Workers at Amazon’s JFK8 fulfillment center in Staten Island are picketing today in front of their workplace, after the Teamsters announced that they would be on strike as of 12:00am on Saturday. Dozens of Amazon employees and members of the Amazon Labor Union (which is part of the International Brotherhood of Teamsters as of last June) are braving cold and windy conditions throughout the day, with plans to continue into the night.

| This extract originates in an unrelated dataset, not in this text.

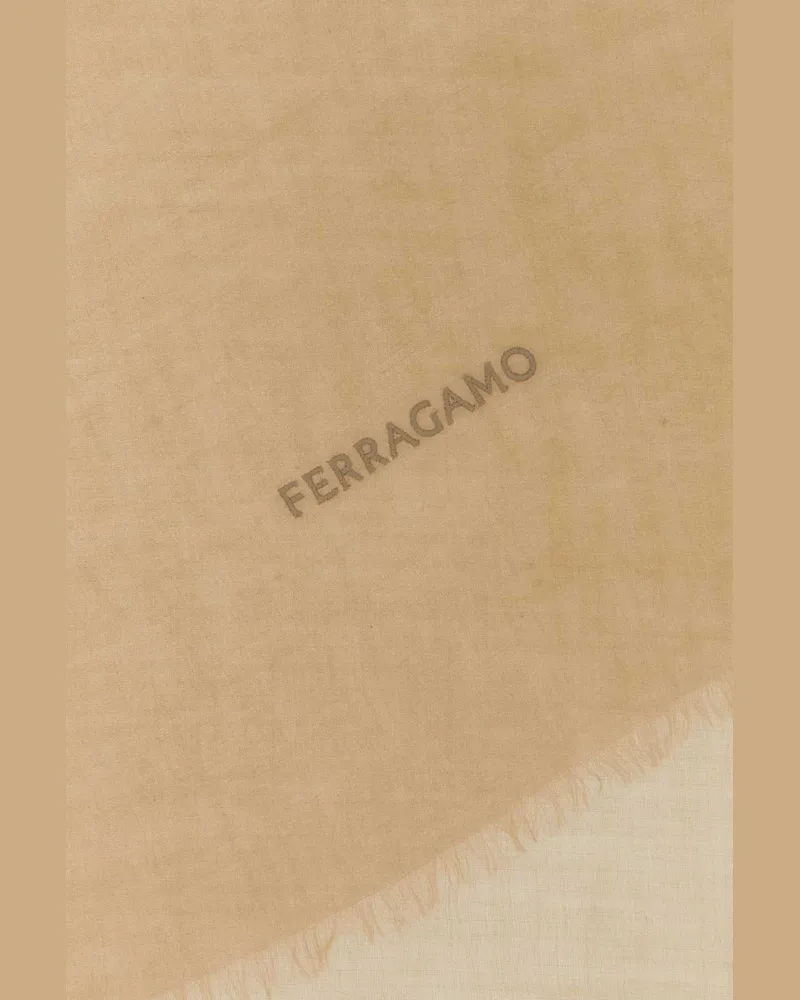 Ferragamo Women's Camel Cashmere Scarf Beige Exterior: Cachemire Sciarpe E Foulard Scarfs Beige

The union had set a deadline last Sunday for management to negotiate a contract. Amazon’s employees at the Staten Island fulfillment center have been working without one since their union was certified in 2022, and the company is legally obligated to negotiate in good faith according to the National Labor Relations Act. With the deadline passed, strikes began on Thursday after a vote from workers days prior. At least eight delivery hubs are taking part in California, Georgia, Illinois, and New York, including Amazon’s other facility in Maspeth, Queens. It is the largest strike in the company’s history.
Both the original leader of the ALU and the current union president, Chris Smalls and Connor Spence, respectively, have been fired from the company. In 2023, an administrative law judge with the National Labor Relations Board found that Amazon had unlawfully retaliated against workers for their union activities. In response, Amazon has filed suit, claiming that the government agency is unconstitutional and that complaints against the company should be dismissed.

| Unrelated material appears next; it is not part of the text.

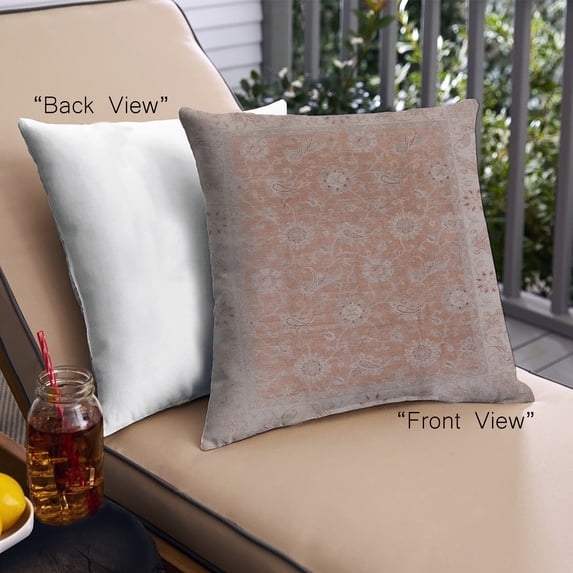 Ahgly Company Outdoor Square Mid-Century Modern Throw Pillow, 18 inch by 18 inch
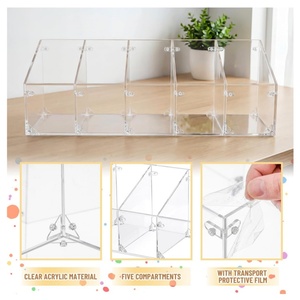Supports carrés personnalisés en acrylique pour cannes en sucre – Lot <span class=keywords><strong>de</strong></span> 5 présentoirs transparents polis pour fêtes, Noël, publicité et vente <span class=keywords><strong>au</strong></span> détail - Product Image 3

One of the organizers here today is in the same boat as Smalls and Spence. “I started working at JFK8 as a picker,” says Sultana Hossein, a former employee who says she was singled out as a “troublemaker” from management when she joined the unionization effort. Sultana started in 2020, getting a promotion in her first year that placed her as a learning trainer, onboarding new hires. “I trained thousands of workers in the three years that I was a learning trainer,” she says. “I probably onboarded about a hundred people a week on average.”
Even in a company that is growing at an exceptional pace, a single employee training thousands of others for a single location is unheard of if those workers are staying on. A New York Times investigation from 2021 found that Amazon had a turnover rate of 150% a year for its hourly workers, meaning that the equivalent of its entire workforce – about 650,000 people at the beginning of that year – was being replaced once or twice a year. “I saw that in real time,” Sultana says.

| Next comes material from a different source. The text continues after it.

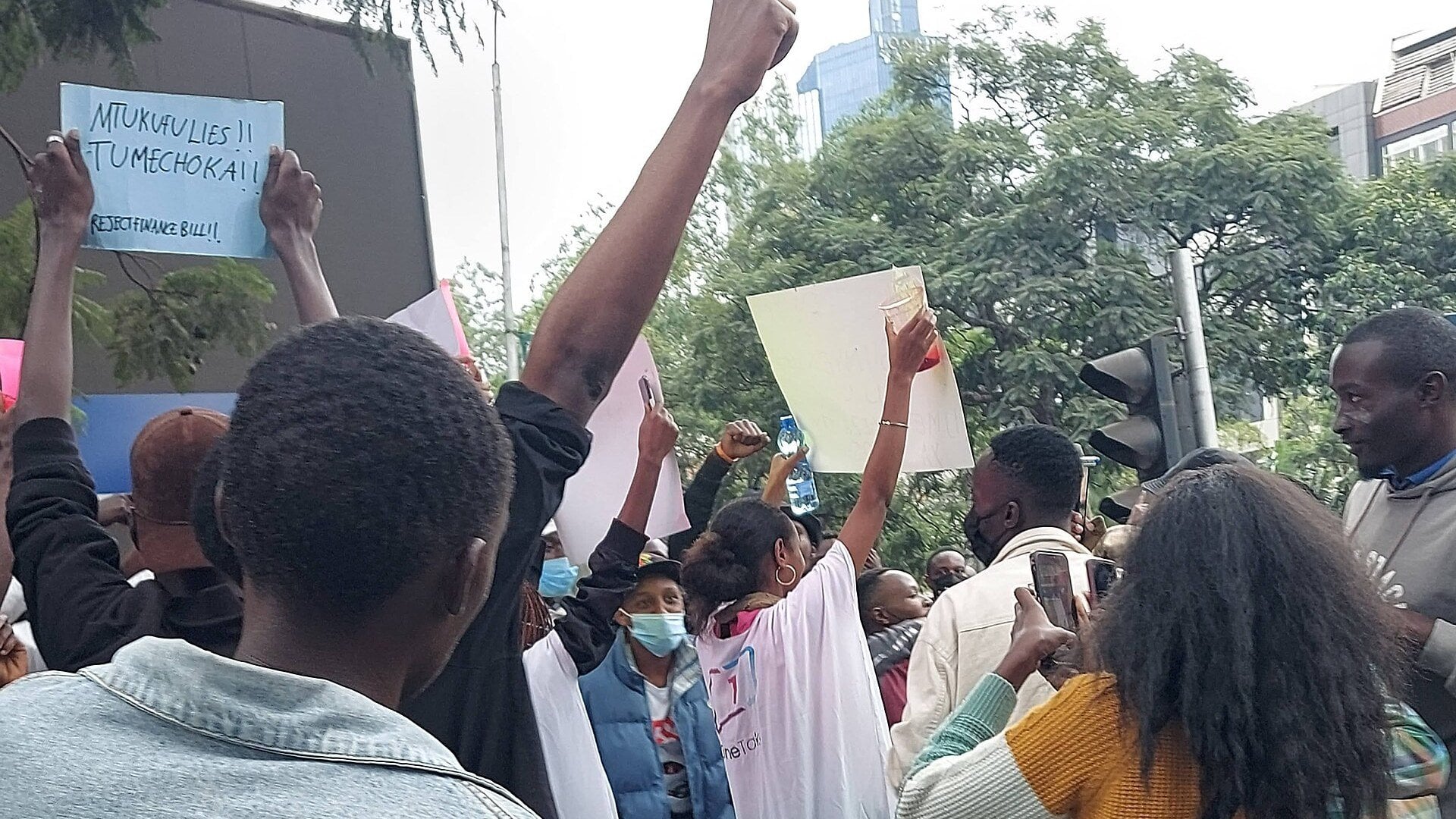 Protesters raise their fists and hold signs against the Finance Bill on a Nairobi street in June 2024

Another organizer who’s still with the company, Justine Medina, recalls the tactics employed to prevent unionization. “Literally 24/7 Amazon would have hundreds of workers in these forced meetings,” Justine says, explaining that a combination of management and consultants would take workers off the floor to drill in anti-union talking points, even during graveyard shifts. “They’d say, you know, ‘we value our direct relationship and open-door policy,’” she says. “They would rather slow down their profits so that they can put the fear of god into people and try to trick them out of their rights and out of unionizing.” The NLRB ruled against Amazon last month on this as well, finding that these “captive-audience meetings” were unlawful.
While the upcoming Trump administration is expected to roll back gains in the labor movement made under President Biden, Medina remains optimistic nonetheless. “Whoever’s in office, it’s always the case that the way that workers win their right is by coming together and taking collective action together, and we’re going to win this fight no matter who’s in charge.”